Jumat 26 Apr 2019 10:54 WIB

Langkah BI Pertahankan Suku Bunga Dinilai Kurang Tepat

BI mempertahankan suku bunga acuan di level 6 persen

Rep: Idealisa Masyrafina/ Red: Nidia Zuraya
Suku bunga Bank Indonesia
Foto: IST
Suku bunga Bank Indonesia

REPUBLIKA.CO.ID, JAKARTA -- Bank Indonesia (BI) memutuskan untuk mempertahankan suku bunga acuan BI 7 Day Reverse Repo rate di level 6 persen. Menurut Ekonom Institute for Development of Economics and Finance (Indef) Dzulfian Syafrian, kebijakan ini kurang tepat karena secara makro ekonomi, Indonesia dalam kondisi baik.

"Kebijakan BI ini menurut saya kurang tepat, mengingat perkembangan perekonomian nasional dan global dalam 5-6 bulan belakangan," ujar Dzulfian, Jumat (26/4).

Baca Juga

Ada beberapa faktor yang menandakan perekonomian Indonesia dalam kondisi cukup baik. Pertama, inflasi yang terkendali dan sangat rendah. Pada Maret 2019, inflasi tercatat di level 2,48 persen.

Data BI menunjukkan, inflasi tercatat stabil sejak akhir tahun lalu. Sejak awal tahun ini laju inflasi berada di level yang rendah dan dalam kisaran target 3,5 plus minus 1 persen.

Kedua, rupiah secara umum terus menguat sejak akhir tahun lalu hingga menyentuh Rp 14.154 per dolar AS pada Kamis (24/4). Pada tahun lalu, rupiah sempat melebihi Rp 15.000 per dolar AS. Rupiah terus menguat tidak hanya pada dolar AS, tetapi juga terhadap mata uang lainnya seperti euro, poundsterling dan yen.

Ketiga, IHSG juga terus menguat tajam yang berarti kepercayaan investor sudah mulai pulih terhadap investasi di Indonesia. Menurutnya, Indonesia tidak lagi dianggap rentan, khususnya terhadap krisis moneter atau mata uang seperti tahun lalu.

Hal ini juga didukung oleh data menurunnya imbal hasil surat utang jangka panjang (tenor 10 tahun) yang berarti risiko perekonomian kita sudah menurun dibanding sebelumnya.

"Berdasarkan data- data tersebut, ditambah risiko dan ketidakpastian politik sudah menurun sangat jauh selepas Pemilu. Berbagai hasil perhitungan cepat (quick counts) juga menunjukkan Jokowi unggul atas lawannya yang berarti relatif tidak akan ada perubahan mendasar dalam arah pembangunan lima tahun ke depannya," jelas Dzulfian.
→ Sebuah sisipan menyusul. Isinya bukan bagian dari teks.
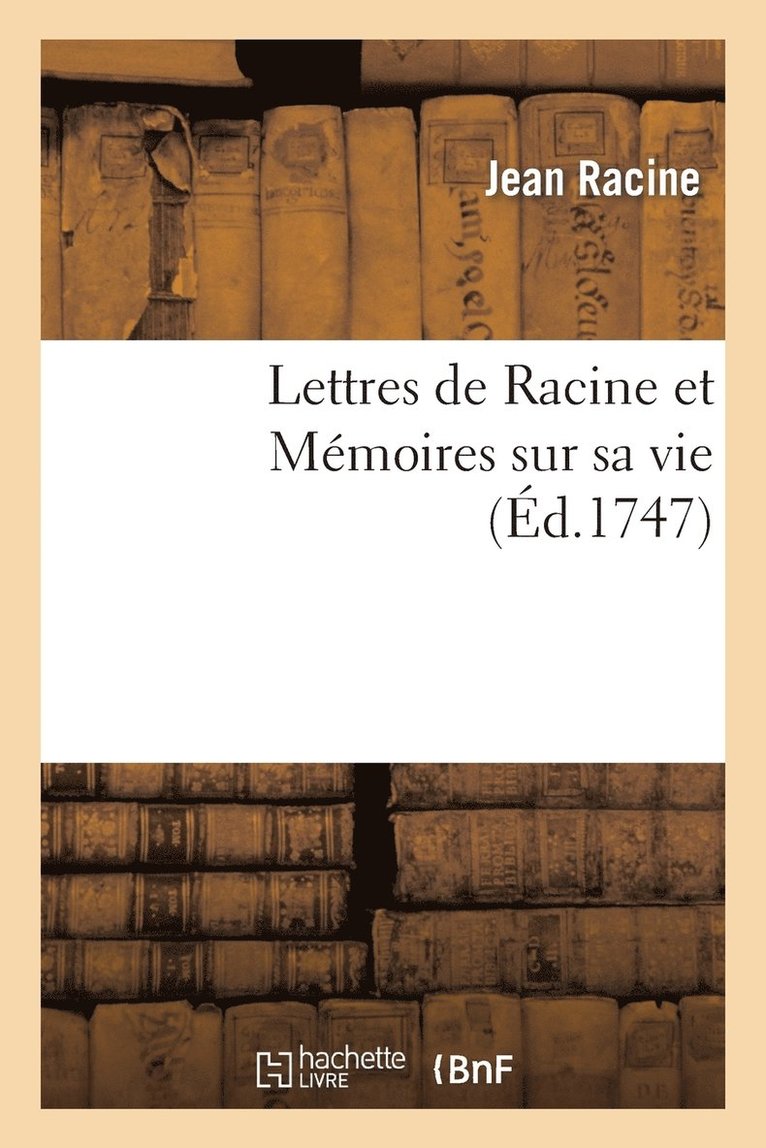 Lettres de Racine Et Mmoires Sur Sa Vie 1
Perekonomian dunia juga diprediksi akan melambat dibandingkan ekspektasi sebelumnya. Hal ini juga telah dibahas khusus di pertemuan World Bank Group meeting 2 minggu lalu di Washington DC. Ini berarti, ancaman arus modal keluar ke luar negeri akan mereda dibandingkan tahun lalu.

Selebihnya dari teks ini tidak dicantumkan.